THE DATA:

>>>>

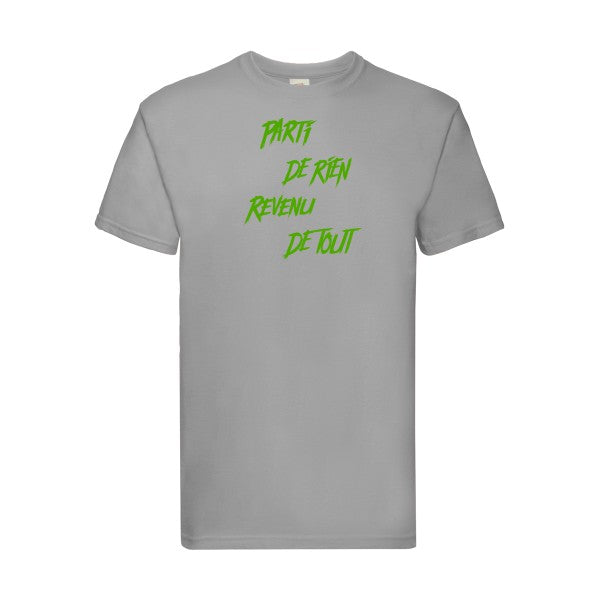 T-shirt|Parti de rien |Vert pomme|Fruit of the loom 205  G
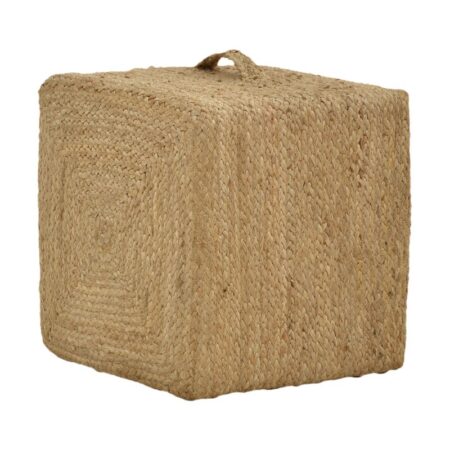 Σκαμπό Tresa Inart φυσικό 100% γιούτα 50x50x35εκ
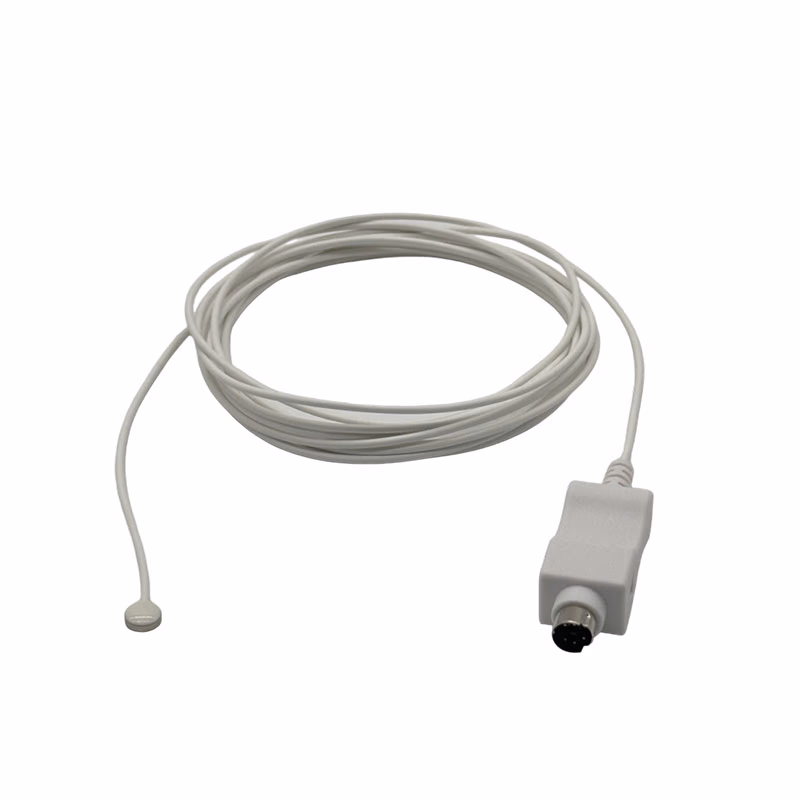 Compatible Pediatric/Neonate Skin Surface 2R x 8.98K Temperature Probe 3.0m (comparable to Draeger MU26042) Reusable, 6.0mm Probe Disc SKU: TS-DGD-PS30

<<<<

EXERCISE REQUIREMENTS: Starting at the line that contains "Σκαμπό Tresa Inart", retype each line through the final one in the listing, with both ends kept and the pictures omitted.

SOLUTION FOR THIS PROBLEM:
 Σκαμπό Tresa Inart φυσικό 100% γιούτα 50x50x35εκ
 Compatible Pediatric/Neonate Skin Surface 2R x 8.98K Temperature Probe 3.0m (comparable to Draeger MU26042) Reusable, 6.0mm Probe Disc SKU: TS-DGD-PS30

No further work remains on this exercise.